Suppose you have two tables with substitutions which MUST be kept as they are and another table containing a body of names. How could I get all the possible substitutions?
Substitution Table
--------------------------------------
word subs_list
MOUNTAIN MOUNTAIN, MOUNT, MT, MTN
HOUSE HAUS, HOUSE
VIEW VU, VIEW
Synonyms table
-------------------------------------------------
EDUCATION SCHOOL, UNIVERSITY, COLLEGE, TRAINING
FOOD STORE, FOOD, CAFE
STORE FOOD, STORE, MARKET
REFRIGERATION FOODLOCKER, FREEZE, FRIDGE
names table
------------------------------------------------
MOUNT VU FOOD USA
MOUNTAIN VU STORE CA
Note: I know that it would be desirable to have just one substitution table, but both substution tables must remain because they served to additional purposes than the one explained above, those tables are already in used. In addition, the list of replacements in both tables are just a varchar with a string separated by commas
Considering the previous, the problem is to generate possible names derived by substitution. For instance, the name MOUNT VU FOOD USA should be decomposed to MOUNTAIN VIEW FOOD USA and MOUNTAIN VIEW STORE USA, the same fashion would apply for the second.

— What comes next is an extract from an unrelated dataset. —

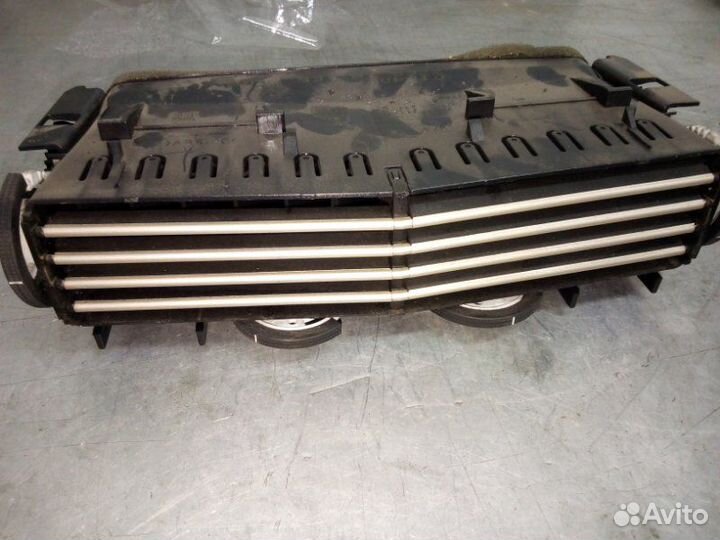 Дефлектор воздушный Opel Astra H хэтчбек Z16XER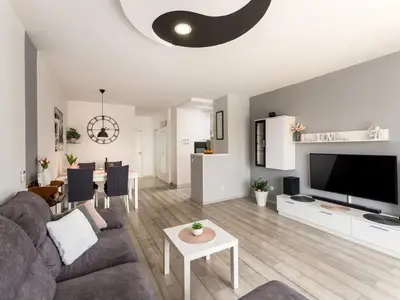 Ferienwohnung für 4 Personen (74 m²) in Poreč 1/10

I have been able to get the replacements in a wrong order and all together in function, there is a way to get an array as output with the different names generated after replacement? So far I have created this function for replacement:
create or replace function replace_companies_array(i_sentence IN VARCHAR) returns VARCHAR[] AS $p_replaced$
DECLARE
p_replaced VARCHAR[];
subs RECORD;
flag boolean:= True;
cur_s CURSOR(i_sentence VARCHAR)
FOR SELECT w.input, coalesce(x.word, w.input) as word, count(*) OVER (PARTITION BY w.input) as counter
FROM regexp_split_to_table(trim(i_sentence), '\s') as w(input)
LEFT JOIN (
select s.word, trim(s1.token) as token
from subs01 s
cross join unnest(string_to_array(s.subs_list, ',')) s1(token)
union
select sy.word, trim(s2.token) as token
from syns01 sy
cross join unnest(string_to_array(sy.syn_list, ',')) s2(token)
) as x on lower(trim(w.input)) = lower(x.token)
order by counter;
BEGIN
OPEN cur_s(i_sentence);
LOOP
--fetch row into the substitutions
FETCH cur_s INTO subs;
--Exit when no more rows to fetch
EXIT WHEN NOT FOUND;
SELECT REGEXP_REPLACE(i_sentence,'(^|[^a-z0-9])' || subs.input || '($|[^a-z0-9])','\1' || UPPER(subs.word) || '\2','g')
INTO i_sentence;
END LOOP;
p_replaced:=array_append(p_replaced, i_sentence);
RETURN p_replaced;
END;
$p_replaced$ LANGUAGE plpgsql;
Thank you so much for your contributions